Terminada a pausa para o lanche, voltamos com mais poesia, lendo “Aninha e suas pedras”10, de Cora Coralina. Depois foi distribuído o texto “As histórias de vida
abrem novas potencialidades às pessoas”, entrevista de Rui Seguro feita com Marie-
Christine Josso para a revista “Aprender ao longo da vida” (2008), que faz uma introdução
sobre a pesquisa autobiográfica e sua importância. Também foi entregue o texto: “História de vida e formação”, de Margarida Belchior (2008).
Após a leitura dos textos, passamos à discussão dos mesmos. O grupo pôde entrar em contato com a pesquisa autobiográfica e começar a se preparar para ir mais longe na viagem em direção ao encontro consigo que continuaríamos logo mais.
Alguns pontos dos textos foram destacados pelo participantes, denotando a paulatina apropriação de certos princípios epistemológicos que balizam a pesquisa:
10 Cito apenas uma parte dos textos utilizados durante o Círculo Ecobiográfico e alguns deles constam nos
Às vezes uma pessoa jovem pensa que não tem muito o que dizer, mas tudo o que é dito pode ajudar muito (Elizandra).
Existe a fase oral e a fase escrita e cada fase dessas é muito importante (Claumir).
Tem gente que diz que não tem nada pra falar porque todo mundo casa, tem filhos, estuda etc (Sandra).
Tudo o que é dito é importante.
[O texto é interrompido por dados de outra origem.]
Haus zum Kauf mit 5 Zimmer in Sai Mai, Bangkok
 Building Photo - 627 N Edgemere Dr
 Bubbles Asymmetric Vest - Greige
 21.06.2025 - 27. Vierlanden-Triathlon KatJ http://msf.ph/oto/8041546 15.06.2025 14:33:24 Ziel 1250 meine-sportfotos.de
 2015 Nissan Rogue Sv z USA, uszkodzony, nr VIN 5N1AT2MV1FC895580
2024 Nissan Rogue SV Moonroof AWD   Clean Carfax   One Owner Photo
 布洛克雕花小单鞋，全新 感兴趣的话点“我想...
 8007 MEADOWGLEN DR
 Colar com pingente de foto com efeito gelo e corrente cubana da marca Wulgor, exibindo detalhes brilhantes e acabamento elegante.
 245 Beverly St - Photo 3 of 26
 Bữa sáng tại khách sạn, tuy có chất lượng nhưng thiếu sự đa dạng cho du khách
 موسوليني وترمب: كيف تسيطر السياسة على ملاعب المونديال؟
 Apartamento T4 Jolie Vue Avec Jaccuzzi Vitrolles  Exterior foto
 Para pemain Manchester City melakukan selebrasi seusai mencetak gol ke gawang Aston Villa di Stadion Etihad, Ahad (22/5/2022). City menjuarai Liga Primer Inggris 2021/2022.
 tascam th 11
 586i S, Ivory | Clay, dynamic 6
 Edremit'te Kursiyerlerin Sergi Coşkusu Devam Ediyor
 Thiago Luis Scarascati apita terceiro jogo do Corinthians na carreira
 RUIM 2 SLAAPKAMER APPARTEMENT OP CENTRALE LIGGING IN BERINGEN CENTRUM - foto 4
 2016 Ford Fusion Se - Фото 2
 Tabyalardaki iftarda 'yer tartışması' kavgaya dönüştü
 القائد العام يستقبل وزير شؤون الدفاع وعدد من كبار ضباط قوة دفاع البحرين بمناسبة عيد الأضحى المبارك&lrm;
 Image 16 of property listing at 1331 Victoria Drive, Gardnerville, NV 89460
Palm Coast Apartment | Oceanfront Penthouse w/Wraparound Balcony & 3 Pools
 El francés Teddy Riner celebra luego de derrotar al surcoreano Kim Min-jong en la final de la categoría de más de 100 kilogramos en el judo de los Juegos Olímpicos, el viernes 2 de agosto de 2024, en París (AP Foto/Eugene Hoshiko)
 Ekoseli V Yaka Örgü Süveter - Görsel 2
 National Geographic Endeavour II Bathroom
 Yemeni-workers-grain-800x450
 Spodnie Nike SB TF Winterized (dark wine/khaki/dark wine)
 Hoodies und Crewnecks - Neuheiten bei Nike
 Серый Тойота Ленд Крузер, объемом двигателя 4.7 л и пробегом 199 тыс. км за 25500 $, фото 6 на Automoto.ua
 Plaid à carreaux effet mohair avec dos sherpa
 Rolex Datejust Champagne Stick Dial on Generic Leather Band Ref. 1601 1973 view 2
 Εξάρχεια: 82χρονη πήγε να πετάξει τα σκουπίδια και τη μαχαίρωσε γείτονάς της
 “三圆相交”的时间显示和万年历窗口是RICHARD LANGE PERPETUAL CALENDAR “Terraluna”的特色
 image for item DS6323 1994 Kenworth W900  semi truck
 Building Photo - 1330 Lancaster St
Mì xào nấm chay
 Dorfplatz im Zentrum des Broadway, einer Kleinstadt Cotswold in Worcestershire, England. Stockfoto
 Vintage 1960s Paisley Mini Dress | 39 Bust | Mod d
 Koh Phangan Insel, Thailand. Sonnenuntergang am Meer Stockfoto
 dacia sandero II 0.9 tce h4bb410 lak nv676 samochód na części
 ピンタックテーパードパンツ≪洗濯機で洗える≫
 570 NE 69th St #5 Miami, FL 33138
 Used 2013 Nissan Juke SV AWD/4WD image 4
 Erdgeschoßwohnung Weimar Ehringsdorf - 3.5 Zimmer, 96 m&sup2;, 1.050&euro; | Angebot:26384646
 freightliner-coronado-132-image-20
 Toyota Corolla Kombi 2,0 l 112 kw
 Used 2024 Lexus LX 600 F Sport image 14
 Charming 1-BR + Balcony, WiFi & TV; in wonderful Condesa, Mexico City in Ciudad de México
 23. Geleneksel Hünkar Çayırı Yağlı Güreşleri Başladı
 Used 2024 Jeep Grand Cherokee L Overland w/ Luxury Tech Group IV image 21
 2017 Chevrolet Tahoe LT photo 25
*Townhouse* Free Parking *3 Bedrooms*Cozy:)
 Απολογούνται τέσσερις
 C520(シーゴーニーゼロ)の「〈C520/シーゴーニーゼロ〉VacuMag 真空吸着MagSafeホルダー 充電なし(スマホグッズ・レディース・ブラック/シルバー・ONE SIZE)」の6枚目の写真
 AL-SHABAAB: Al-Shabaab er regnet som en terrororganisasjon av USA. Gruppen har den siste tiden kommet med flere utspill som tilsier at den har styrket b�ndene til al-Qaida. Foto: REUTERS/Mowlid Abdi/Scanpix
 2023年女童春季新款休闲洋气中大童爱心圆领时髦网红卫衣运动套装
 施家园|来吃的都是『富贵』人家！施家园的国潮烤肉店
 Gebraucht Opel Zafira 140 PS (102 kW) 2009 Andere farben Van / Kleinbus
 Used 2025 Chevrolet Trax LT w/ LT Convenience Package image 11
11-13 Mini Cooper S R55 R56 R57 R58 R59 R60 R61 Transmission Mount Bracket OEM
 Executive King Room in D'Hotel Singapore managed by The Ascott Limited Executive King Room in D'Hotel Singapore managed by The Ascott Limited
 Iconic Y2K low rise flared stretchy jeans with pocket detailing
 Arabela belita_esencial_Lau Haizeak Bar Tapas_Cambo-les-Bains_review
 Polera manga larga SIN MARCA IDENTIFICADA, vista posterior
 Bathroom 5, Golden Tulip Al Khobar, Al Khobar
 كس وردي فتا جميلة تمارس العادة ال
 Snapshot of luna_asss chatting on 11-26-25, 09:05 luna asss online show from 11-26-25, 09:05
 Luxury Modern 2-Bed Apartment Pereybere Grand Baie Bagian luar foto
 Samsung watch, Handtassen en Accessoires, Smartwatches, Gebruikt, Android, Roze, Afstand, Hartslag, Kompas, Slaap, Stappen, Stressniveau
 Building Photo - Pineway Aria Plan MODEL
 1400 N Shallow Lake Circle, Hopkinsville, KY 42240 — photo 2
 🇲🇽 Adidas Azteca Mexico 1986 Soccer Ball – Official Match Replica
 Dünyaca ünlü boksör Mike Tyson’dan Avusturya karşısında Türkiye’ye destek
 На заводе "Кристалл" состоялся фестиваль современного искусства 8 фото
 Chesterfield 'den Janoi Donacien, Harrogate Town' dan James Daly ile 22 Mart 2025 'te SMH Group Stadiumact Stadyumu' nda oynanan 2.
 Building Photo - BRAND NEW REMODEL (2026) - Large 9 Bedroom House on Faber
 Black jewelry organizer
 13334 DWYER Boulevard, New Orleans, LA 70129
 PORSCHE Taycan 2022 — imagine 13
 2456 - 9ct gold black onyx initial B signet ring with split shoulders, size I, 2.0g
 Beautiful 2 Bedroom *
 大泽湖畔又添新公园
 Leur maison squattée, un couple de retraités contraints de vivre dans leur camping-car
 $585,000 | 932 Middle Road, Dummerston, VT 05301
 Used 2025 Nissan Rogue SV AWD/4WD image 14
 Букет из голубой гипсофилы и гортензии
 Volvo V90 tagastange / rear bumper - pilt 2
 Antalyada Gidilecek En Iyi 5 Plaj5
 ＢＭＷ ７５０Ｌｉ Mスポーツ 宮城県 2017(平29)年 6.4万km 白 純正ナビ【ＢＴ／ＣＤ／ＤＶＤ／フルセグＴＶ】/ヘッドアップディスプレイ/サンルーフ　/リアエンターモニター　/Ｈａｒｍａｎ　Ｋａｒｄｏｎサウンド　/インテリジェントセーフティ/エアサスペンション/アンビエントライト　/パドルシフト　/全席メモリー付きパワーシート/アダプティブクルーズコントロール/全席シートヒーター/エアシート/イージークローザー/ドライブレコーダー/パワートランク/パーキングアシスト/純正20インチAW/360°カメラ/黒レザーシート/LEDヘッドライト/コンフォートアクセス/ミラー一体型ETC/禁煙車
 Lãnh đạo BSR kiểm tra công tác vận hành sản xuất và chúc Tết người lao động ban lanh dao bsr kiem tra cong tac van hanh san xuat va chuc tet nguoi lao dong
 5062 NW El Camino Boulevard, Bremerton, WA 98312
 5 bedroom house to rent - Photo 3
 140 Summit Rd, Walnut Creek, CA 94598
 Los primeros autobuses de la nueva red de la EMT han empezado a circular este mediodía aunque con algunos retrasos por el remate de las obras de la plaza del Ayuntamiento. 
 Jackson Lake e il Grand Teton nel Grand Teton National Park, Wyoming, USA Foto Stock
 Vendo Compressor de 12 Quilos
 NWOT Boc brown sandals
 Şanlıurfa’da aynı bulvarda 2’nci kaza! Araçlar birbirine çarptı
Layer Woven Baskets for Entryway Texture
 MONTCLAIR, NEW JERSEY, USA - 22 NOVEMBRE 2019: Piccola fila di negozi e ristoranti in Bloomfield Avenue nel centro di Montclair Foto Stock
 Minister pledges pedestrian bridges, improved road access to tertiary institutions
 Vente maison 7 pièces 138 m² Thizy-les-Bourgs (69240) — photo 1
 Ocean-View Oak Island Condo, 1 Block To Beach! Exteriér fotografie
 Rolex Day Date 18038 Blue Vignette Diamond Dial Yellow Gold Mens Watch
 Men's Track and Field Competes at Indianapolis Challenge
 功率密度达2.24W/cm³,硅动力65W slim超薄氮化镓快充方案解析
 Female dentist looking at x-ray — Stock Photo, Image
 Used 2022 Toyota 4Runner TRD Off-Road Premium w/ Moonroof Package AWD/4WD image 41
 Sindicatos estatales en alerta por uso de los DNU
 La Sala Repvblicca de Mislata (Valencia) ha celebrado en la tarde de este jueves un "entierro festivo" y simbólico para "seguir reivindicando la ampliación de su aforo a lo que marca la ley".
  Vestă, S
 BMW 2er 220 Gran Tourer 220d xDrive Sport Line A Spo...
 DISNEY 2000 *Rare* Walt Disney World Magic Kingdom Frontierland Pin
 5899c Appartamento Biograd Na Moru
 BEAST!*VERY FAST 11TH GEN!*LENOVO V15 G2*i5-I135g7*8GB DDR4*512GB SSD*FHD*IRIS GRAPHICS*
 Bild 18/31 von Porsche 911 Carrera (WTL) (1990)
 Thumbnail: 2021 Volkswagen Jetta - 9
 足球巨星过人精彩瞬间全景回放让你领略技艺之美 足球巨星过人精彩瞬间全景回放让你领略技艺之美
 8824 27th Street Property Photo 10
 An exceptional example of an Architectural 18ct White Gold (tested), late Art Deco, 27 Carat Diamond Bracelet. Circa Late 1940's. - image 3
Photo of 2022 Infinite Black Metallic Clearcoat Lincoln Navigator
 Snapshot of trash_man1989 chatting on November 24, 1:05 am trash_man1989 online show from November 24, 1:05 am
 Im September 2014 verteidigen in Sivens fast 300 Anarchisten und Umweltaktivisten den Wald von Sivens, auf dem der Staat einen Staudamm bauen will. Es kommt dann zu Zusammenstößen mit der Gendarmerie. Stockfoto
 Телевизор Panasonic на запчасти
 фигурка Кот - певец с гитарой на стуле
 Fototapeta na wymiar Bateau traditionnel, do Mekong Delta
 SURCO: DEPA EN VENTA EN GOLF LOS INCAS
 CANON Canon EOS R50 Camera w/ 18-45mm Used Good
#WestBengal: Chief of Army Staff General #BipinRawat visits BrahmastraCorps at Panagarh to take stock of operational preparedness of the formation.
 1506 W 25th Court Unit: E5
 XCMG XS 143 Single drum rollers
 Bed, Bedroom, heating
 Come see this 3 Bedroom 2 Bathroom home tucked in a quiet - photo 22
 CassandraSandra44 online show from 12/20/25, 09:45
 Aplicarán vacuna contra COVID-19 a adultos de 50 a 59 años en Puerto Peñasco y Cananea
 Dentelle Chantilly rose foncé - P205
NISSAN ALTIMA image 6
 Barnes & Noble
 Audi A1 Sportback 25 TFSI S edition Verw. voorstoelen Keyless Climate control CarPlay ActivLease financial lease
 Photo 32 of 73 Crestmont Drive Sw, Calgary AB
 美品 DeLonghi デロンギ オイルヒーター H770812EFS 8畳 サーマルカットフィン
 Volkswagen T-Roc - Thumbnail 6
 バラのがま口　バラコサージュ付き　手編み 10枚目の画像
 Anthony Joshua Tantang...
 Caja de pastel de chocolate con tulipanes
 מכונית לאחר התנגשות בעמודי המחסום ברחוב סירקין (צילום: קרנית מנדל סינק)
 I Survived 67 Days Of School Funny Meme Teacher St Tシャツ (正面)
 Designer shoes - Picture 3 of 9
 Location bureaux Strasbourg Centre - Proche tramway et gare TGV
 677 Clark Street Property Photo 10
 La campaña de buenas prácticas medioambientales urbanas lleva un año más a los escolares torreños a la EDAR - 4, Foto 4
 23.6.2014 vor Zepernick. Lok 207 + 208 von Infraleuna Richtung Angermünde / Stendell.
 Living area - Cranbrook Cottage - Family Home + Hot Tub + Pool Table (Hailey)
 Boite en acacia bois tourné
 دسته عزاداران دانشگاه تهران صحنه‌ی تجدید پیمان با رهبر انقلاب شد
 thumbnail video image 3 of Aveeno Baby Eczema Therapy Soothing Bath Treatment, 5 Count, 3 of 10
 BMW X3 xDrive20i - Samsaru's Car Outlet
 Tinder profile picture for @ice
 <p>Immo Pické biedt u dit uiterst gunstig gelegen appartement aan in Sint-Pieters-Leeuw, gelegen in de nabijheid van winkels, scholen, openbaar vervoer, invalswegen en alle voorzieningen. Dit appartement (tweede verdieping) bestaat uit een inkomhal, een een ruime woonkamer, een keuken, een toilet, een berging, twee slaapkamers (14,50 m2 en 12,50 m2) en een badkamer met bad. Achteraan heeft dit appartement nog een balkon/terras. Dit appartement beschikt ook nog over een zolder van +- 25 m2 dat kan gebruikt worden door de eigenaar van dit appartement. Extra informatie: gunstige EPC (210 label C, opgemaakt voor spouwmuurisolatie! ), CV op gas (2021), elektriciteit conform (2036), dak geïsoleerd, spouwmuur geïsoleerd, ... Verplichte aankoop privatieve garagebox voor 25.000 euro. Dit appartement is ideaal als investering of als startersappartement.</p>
Às vezes a gente não dá importância ao que algumas pessoas dizem, mas tudo é importante (Erislândia).
Esta etapa da pesquisa foi realizada na parte da manhã e à tarde continuamos nosso trabalho começando a fazer os relatos orais de forma mais estruturada. Entretanto, antes de dar início aos relatos diretamente, o grupo passou por um novo momento de sensibilização, através de poemas e canções, pois entre a primeira e a segunda etapa do trabalho realizado neste dia, havia o intervalo do almoço, o que os deixou um pouco dispersos.